Después de un rato de conversación, acepté la invitación. Decidimos rescatar parte del material utilizado durante la presentación de “mi nombramiento”, en parte por la premura y lo escaso del tiempo, y en parte por que en ella evocaba ese capítulo tan importante de mi vida, jugando con una especie de viaje al pasado.
Podía haberme quedado ahí, repitiendo sin más la presentación, haciendo sonreír a los asistentes, al recordar pequeños instantes de esa etapa, pero esa dichosa manía mía de ponerme en la piel de Indiana Jones, estando siempre en una continua búsqueda del Santo Grial de la perfección, me hizo buscarle otro sentido, otro hilo argumental, planteando a los asistentes una pregunta indiscreta, o más bien por el instante de tiempo en el que acababan sabiendo, al fín, su respuesta. Seguramente, ya la habrás adivinado, la pregunta que iba a plantear era: “¿y tú que quieres ser de mayor?”. Esa, que alguien en nuestra vida, más temprano que tarde, nos dispara a bocajarro, y que al principio te pilla tan sorprendido.
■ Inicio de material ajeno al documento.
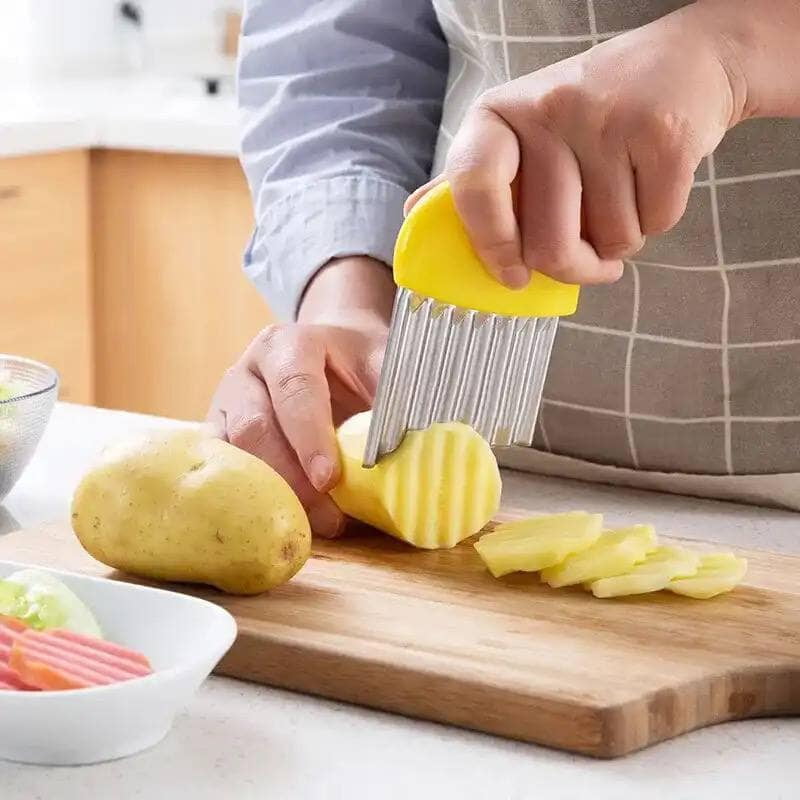 WAVY ONION POTATO SLICE CRINKLE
Es curioso como las hebras del caprichoso destino a veces se entrelazan sin tu quererlo, para ofrecerte una liana, firme y robusta, a la que agarrarte. Y es que, apenas unas pocas horas antes, con el día recién nacido, al realizar mi forzada y ya habitual parada “técnica”, sentado en un banco, resignado por la falta de combustible de dopamina, me encontraba triste y afligido, con los ojos llenos de lágrimas, tocada y herida mi alma, probablemente por lo sensible que me encuentro últimamente.
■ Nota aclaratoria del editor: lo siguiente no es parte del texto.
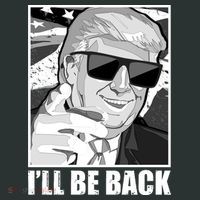 I'll Be Back Terminator Trump 2024 Election Baby Bodysuit thumb 2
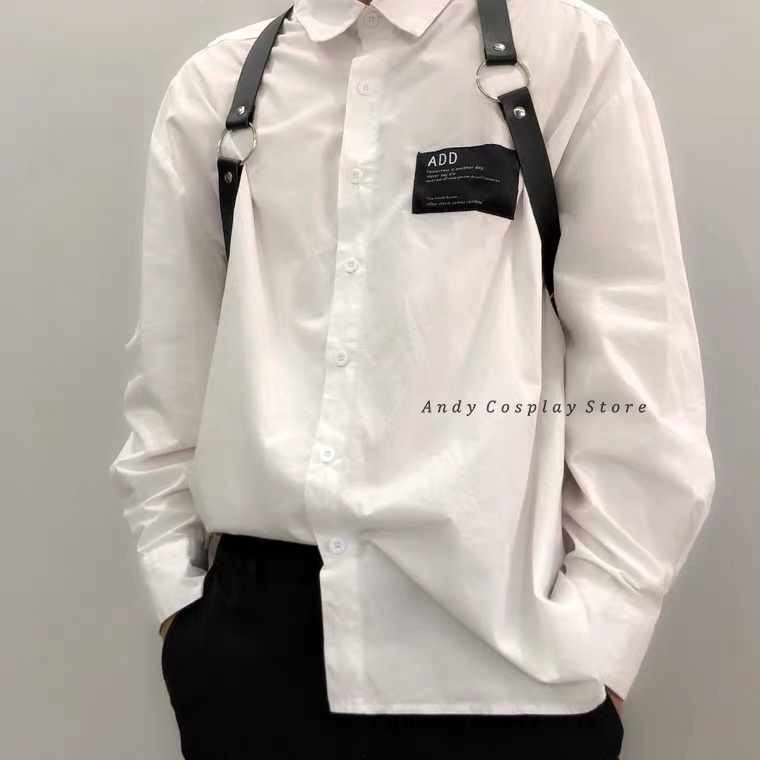 [CÓ SẴN] Dây lưng giả da cho nam - Harness belt mẫu 2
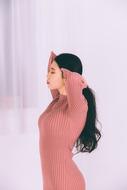 pink dressed Young Girl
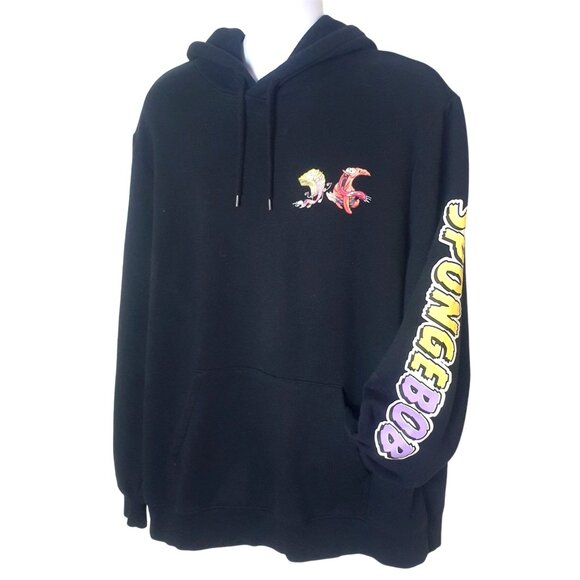 H&M Spongebob Hoodie 2XL Black Patrick Krabby Patty Squarepants Graphic Urban - Picture 1 of 6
El lugar del evento, como no podía ser menos, el edificio que había pisado por primera vez una lejana mañana, ya perdida en el laberinto de mis recuerdos, de comienzos del curso 90-91, cuando iniciaba mi etapa de estudiante de Ingeniería Superior de Telecomunicaciones, y el guarismo de mi edad no superaba la cifra de los tiernos veinte.
La sensación, al entrar de nuevo a aquel edificio, después de tantos años, me hizo también retroceder al pasado, haciéndome recordar la primera vez que entré en él, hecho un manojo de nervios, iniciando una nueva etapa de mi vida.
Al cabo de un rato, en el que la gente fue poco a poco entrando y acomodándose en los hileras de mesas dispuestas geométricamente por toda la sala, y en el que pude reconocer, de reojo, a una decena de mis antiguos compañeros de universidad, a algunos de los cuales no había vuelto a ver desde que terminásemos la carrera, hace ya más de 25 años, empezó el evento.
Después de una breve presentación por parte de Javier, abrí el acto, exponiendo en el proyector la presentación. Al terminar, continuó de nuevo Javier, mostrándonos en la pantalla fotografías que nuevamente, nos llevaron al pasado, intentando, con la nostalgia, atraernos de nuevo a la órbita de la escuela, que algunos, la mayoría, dejamos al acabar la carrera, para adentrarnos en nuestros mundos profesionales.
Los primeros inicios en el Sario, en un edificio medio prestado, donde no cabíamos y estábamos casi hacinados, y dónde yo personalmente conocí, por primera vez, el significado la palabra suspenso, de la mano de nuestro profesor de Física, Vicente Madurga, al no saber calcular, como muchos de mis compañeros, el maldito centro de masas que formaban el conjunto de un pajarillo, creo recordar que de un canario se trataba, la barra en la que se encontraba posado y la jaula, llena de barrotes, que, merecidamente, lo encarcelaba.
O el paso al aulario, un par de años más tarde, en aquel edificio tan moderno, y que costaba llenar, año a año, de mobiliario y de las necesarias herramientas para la enseñanza, y en el que fuimos testigos de primera fila de cómo iba creciendo a la par la biblioteca, primero sus cimientos, después sus muros, hasta que varias grúas fueron capaces de elevar su cúpula, distrayendo nuestra atención en más de una clase.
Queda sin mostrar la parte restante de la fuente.